→ What you need to do: Starting from the line with "Logement tudiant Studio" and going up to and including the line with "Merlo M12.3Evo Pale cingolate", copy the listing below exactly. Leave all images out.

→ Entries supplied:
+---+
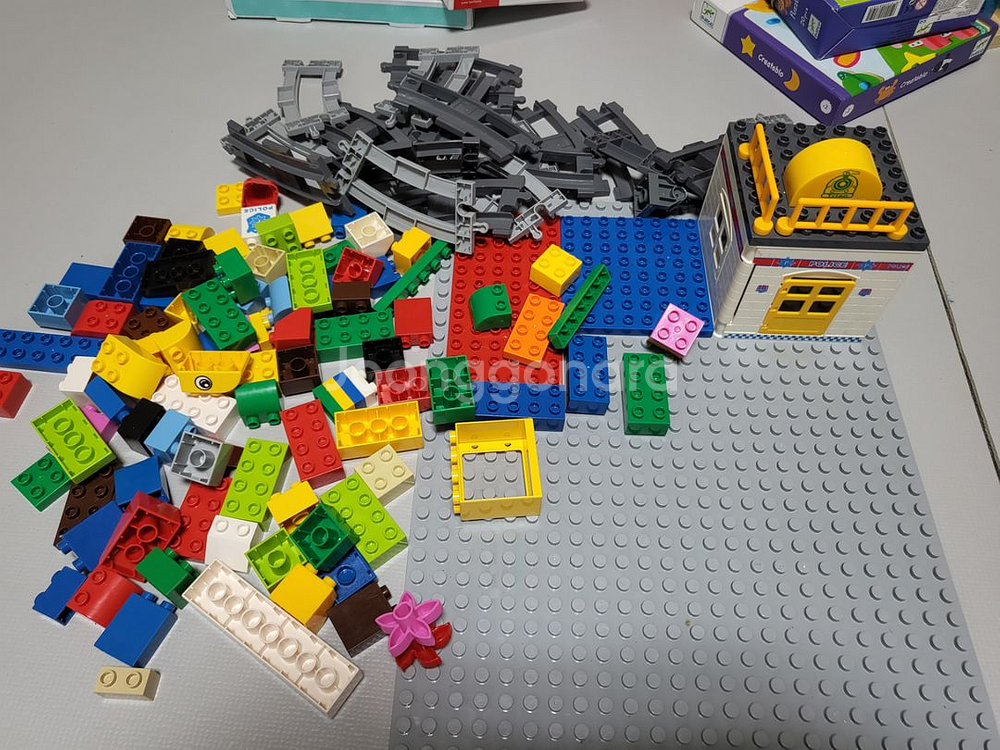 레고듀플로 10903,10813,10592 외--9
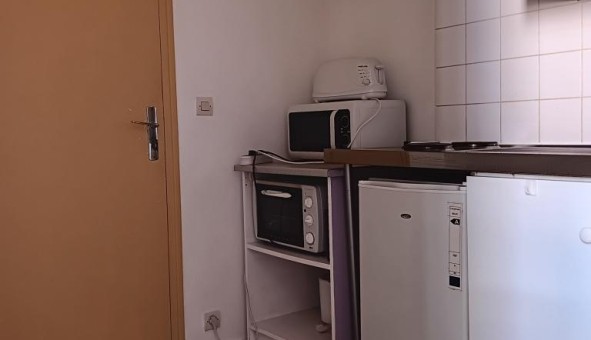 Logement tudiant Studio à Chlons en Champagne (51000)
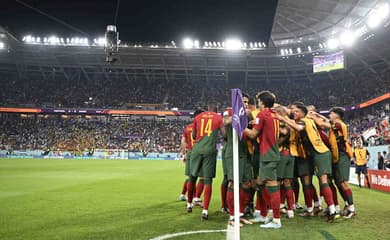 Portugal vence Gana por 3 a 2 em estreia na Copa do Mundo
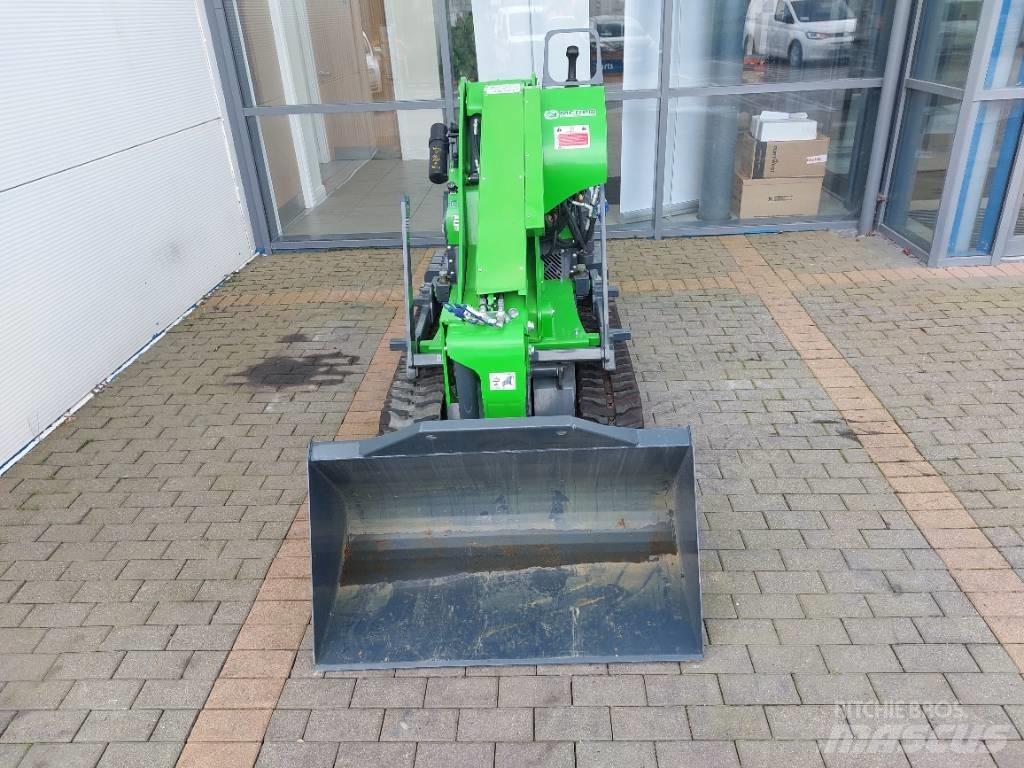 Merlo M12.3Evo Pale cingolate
+---+
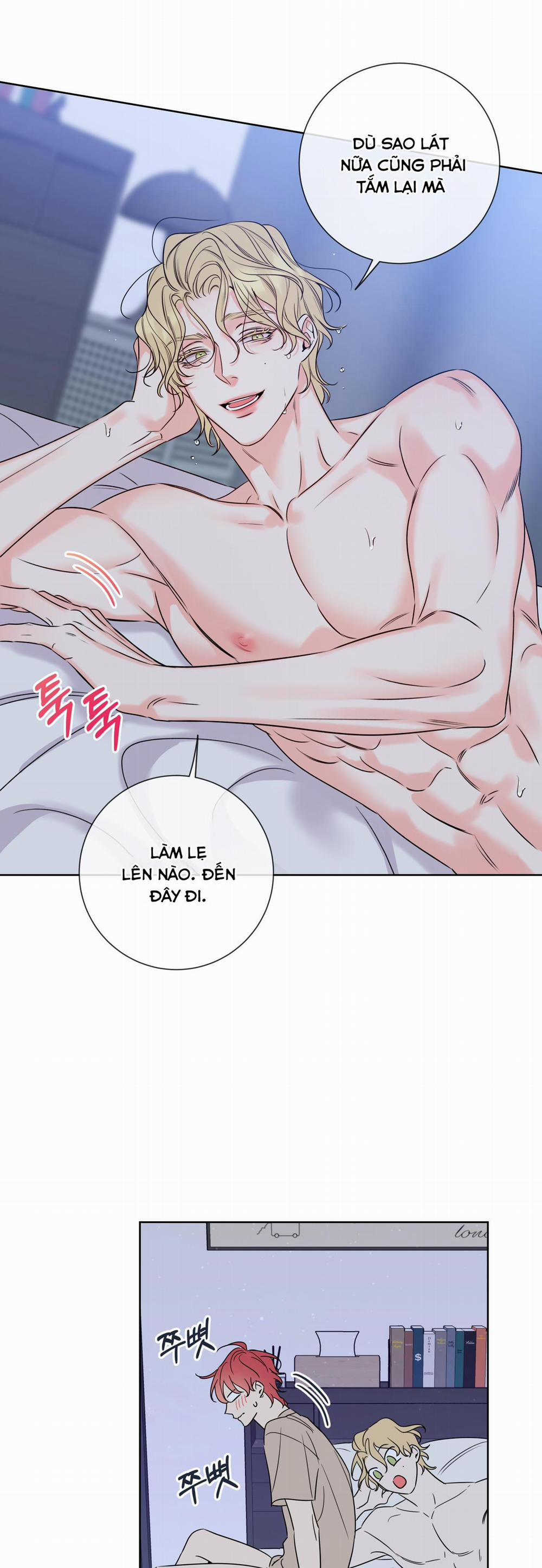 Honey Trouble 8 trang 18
+---+
→ Reply to the exercise:
 Logement tudiant Studio à Chlons en Champagne (51000)
 Portugal vence Gana por 3 a 2 em estreia na Copa do Mundo
 Merlo M12.3Evo Pale cingolate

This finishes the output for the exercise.